Trump is likely to make good on his pledge to declare China a currency manipulator because of its efforts to push down the value of the yuan (which has bolstered its exports at the expense of U,S. shipments to China), Zandi says. Trump has threatened tariffs of 45% on Chinese imports and 35% on Mexican products.

More likely, Zandi says, are more modest tariffs and tougher inspection and other standards that impede imports, raising prices for U.S. consumers. The strategy would increase the risk of retaliation by affected countries, potentially crimping U.S. exports.

Trump has said his aim is to coax manufacturers that have moved jobs abroad to return to the USA and discourage offshoring by U.S. manufacturers.  Zandi says such a scenario is unlikely because of uncertainty over whether the trade barriers will be permanent.  Faucher says offshoring may be slowed somewhat, but the tariffs are unlikely to outweigh its other benefits, such as lower overseas wages and taxes.

Proposed trade deals with Pacific Rim and European countries are probably dead, Zandi says.
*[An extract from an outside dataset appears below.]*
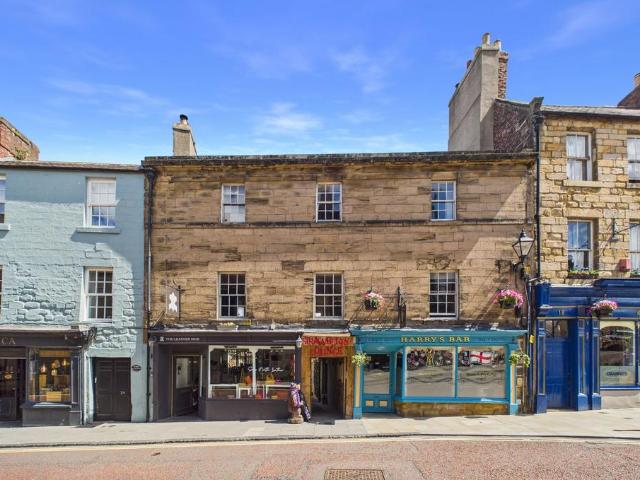 Flat for sale in Alnwick, Northumberland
“The bipartisan consensus for open trade has broken down,” Faucher says.

Immigrant workers

Trump wants to deport millions of undocumented immigrants and build a wall along the Mexican border. Zandi predicts about 3 million of the 11 million undocumented immigrants will be forced to leave. Undocumented workers make up about 5% of the labor force, and the departure of  some would make it tougher for employers to find employees in a tightening labor market, Zandi says. Faucher notes there would be fewer documented foreign workers under Trump’s plan to restrict immigration. Many jobs would go unfilled, curtailing economic output.

Though Trump’s goal is to open more jobs to Americans, immigrants largely take positions Americans reject, Zandi says. The tighter labor market could push up wages for U.S. workers, but it would  further hammer corporate profit margins.

Infrastructure

Trump recently unveiled a $1 trillion infrastructure plan that, according to his advisers Peter Navarro and Wilbur Ross, would add nothing to the deficit. Private companies would invest $167 billion that would be mostly funded by tax credits passed by Congress, and the rest would be financed by debt, thanks to low interest rates. The tax credits theoretically would be paid for by a more vibrant economy.

 

Trump has said such an initiative would create 13 million jobs. Each dollar invested in infrastructure increases gross domestic product by $1.23, Moody’s says. Some economists question whether the cost of the tax credits will be covered by brisker economic activity.